A few years ago, I went to a panel discussion called The Art of Food Writing, as part of the North Shore Writers Festival. The panelists were asked whether they wrote bad reviews and the response that struck me the most was from veteran food writer, Stephanie Yuen. She said that she used to trash restaurants, but eventually changed her tone, because she didn’t want to damage anyone’s career. She stopped writing about what she doesn’t like altogether, saying, “It’s only my taste, after all.”
It’s something I’ve been doing without really reflecting on it, whenever I choose to do reviews on my blog. I celebrate restaurants, events, and even products that I love, while remaining silent on those that I dislike. Since I don’t work for The New York Times, I think that’s an ethical strategy. Who am I to affect someone’s livelihood in that way? It’s only my taste, after all.

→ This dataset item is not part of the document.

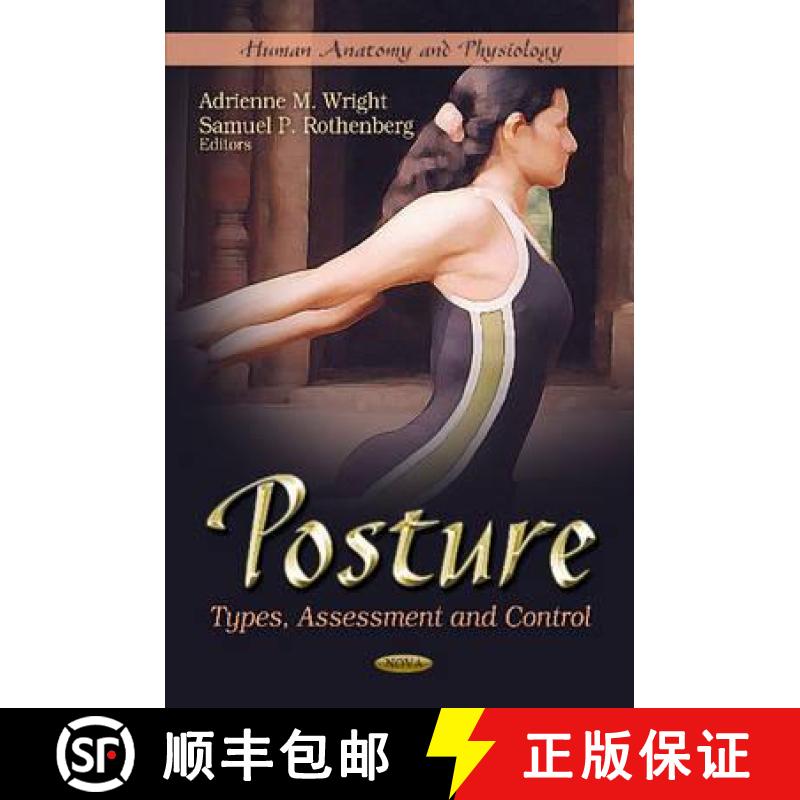 【3-4周达】Posture: Types, Assessment and Control [9781613241073]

But clearly there is a place for complaints and we all have to draw our own lines. For me, an email from my personal (not blog) account to a business that matters to me is worth the effort. For others, a focus on consumer advocacy or restaurant excellence might mean that negative reviews are part of what they do.
I am curious to see where others draw the line. I’d love it if you’d share your own relationship to complaints and bad reviews in the comments.
HI Teresa, If there is a problem my husband and I almost never ever say anything, even if they ask. We rarely go back, ever. I know that is not the best way to handle a situation but that is that.
It’s good to know I’m not alone. I do think that the best way to handle a situation is to do it in the way you feel most comfortable, though.
For sure the struggle is real. I’m a pretty non confrontational person so even when I’m out to a restaurant and things aren’t going well, I’m hesitant to say something. I will remain silent on the blog too. Now, if I am hosted at a restaurant specifically for my opinion, I am happy to give it. I try to remain thoughtful and keep it to small comments (in person) that could make a large difference. I am always aware that what I say online could damage a business.
One exception: we once went to a new restaurant opened by a well known local chef. Our meal arrived after 45 minutes (it was just pasta), my order was wrong, and my hubby forgot that his was supposed to have pork jowl in it as the bits of meat were almost invisible. There were countless ‘unforgiveables’ about the food and when asked how our meal was, hubby was the one to let loose. I’ve never seen him so angry about a meal as it’s not like him at all. We haven’t been back for a meal since. I like the cocktails, so I’ve made him meet me there for cocktails…I usually have to trick him to get him there… lol.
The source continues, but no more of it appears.